Algumas chegaram a cortar pela metade, sem que houvesse nenhuma reclamação de
Algumas chegaram a cortar pela metade, sem que houvesse nenhuma reclamação de
analistas ou do próprio órgão regulador. "A adesão foi significativa porque todo mundo está
cansado de notas explicativas prolixas e redundantes", avalia o vice-presidente da
entidade, Alfried K. Plöger, que acredita que a CVM vai ser mais tolerante nesse início de
ajustes e deve notificar as empresas se sentir falta de alguma informação. "Esse tem que
ser um trabalho feito a quatro mãos. Preparado pelo controller da empresa e validado pelo
auditor externo que deve ajudar a julgar o que é relevante", diz Antônio Castro, presidente
da Abrasca.
A Totvs foi uma das primeiras a puxar este cordão e montou uma força tarefa para reduzir
em 20 páginas o seu balanço de 2014. Para isso foi pesquisar na prática como é feito em
outros países. Usaram a experiência e o contato com o mercado e perceberam que o
investidor tem pouco tempo para analisar os balanços. "Houve esforço coletivo em busca
da objetividade e para ir além do que o OCPC orienta. Nosso time de controladoria, junto
com o comitê de auditoria interna e externa, trabalharam duro nisso", afirma Gilsomar
Maia, diretor de RI da empresa. A redução levou o balanço a 62 páginas, versão menor até
mesmo do que as 71 que publicava em 2008, quando começou a reportar em IFRS (padrão
internacional contábil).
Só que na época seu faturamento era de R$ 760 milhões. Em 2014, foi de R$ 1,77 bilhão.
"Não teve reclamação de ninguém. Nem dos investidores, nem dos credores, nem dos
auditores e muito menos da CVM. Sinal de que estamos no caminho certo", diz Maia.

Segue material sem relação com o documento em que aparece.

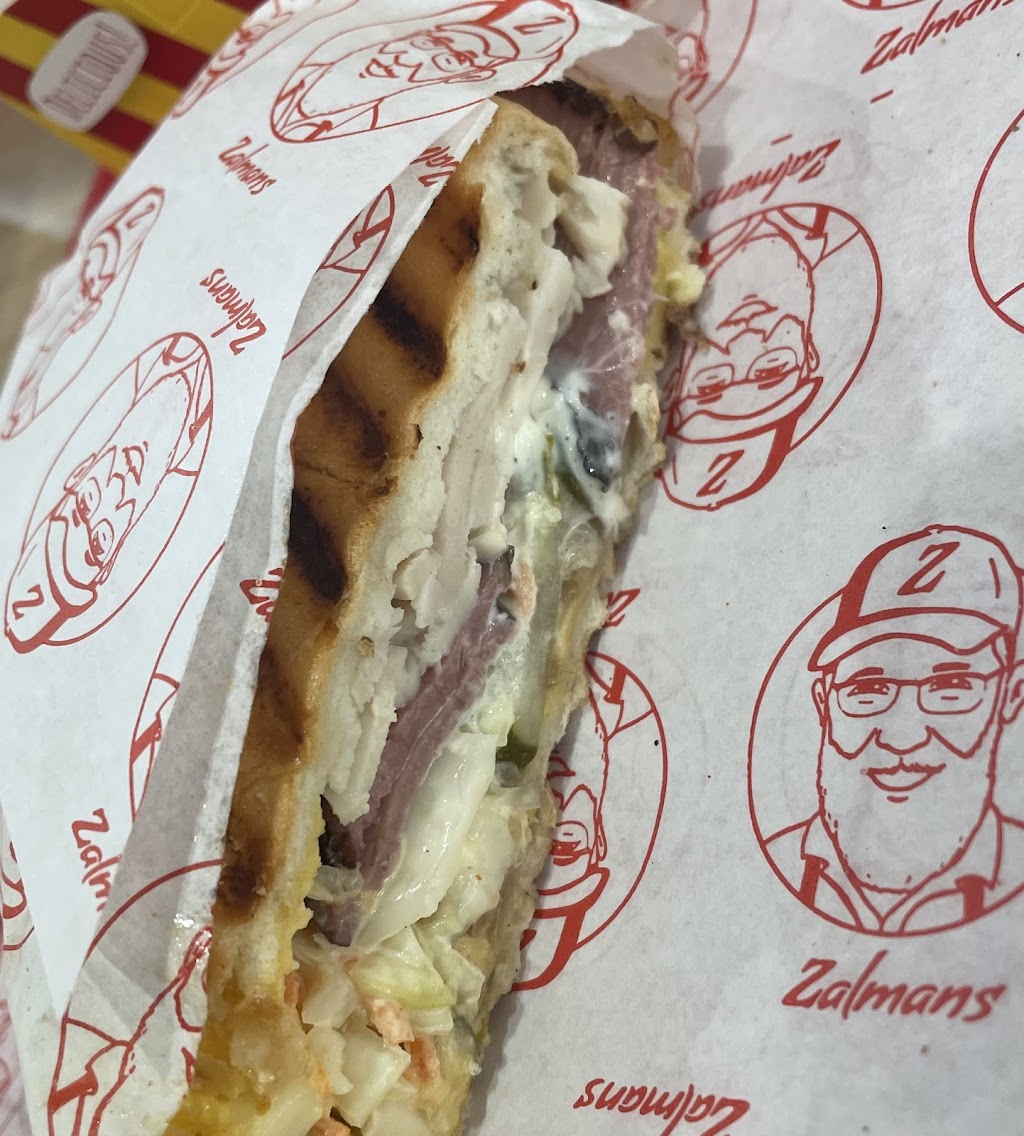 Zalmans Hot Dogs | restaurant | 2931 W Touhy Ave, Chicago, IL 60645, USA | 7736810578 OR +1 773-681-0578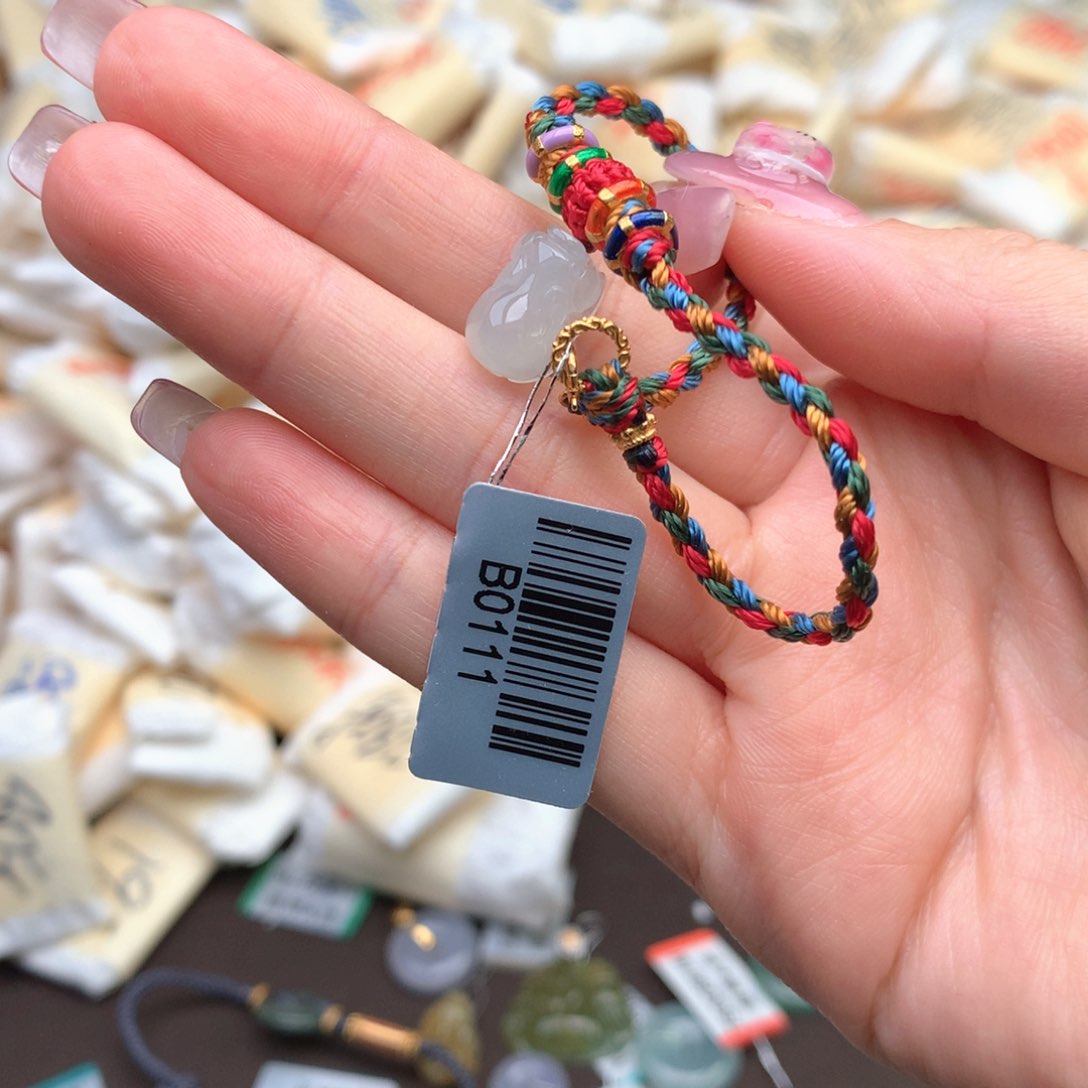 【闪购商品】翡翠挂件未镶嵌一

Um dos ganhos tangíveis dessa redução está no custo da publicação do balanço, que
também diminui quando há menos páginas. Mas há quem enxergue riscos nesse processo.
O risco da subjetividade. Da interpretação do que é ou não vital publicar. "Sou favorável à
simplificação do processo de informação e acho que vem para o bem. Mas é preciso
cuidado com o real entendimento de cada companhia", alerta Robertson Emerenciano, sócio
da Emerenciano, Baggio e Associados. "Se a empresa está em situação financeira delicada,
pode optar em não divulgar pesquisas e investimentos não realizados. A OGX, por exemplo,
omitiu informações importantes ao mercado", lembra Emerenciano.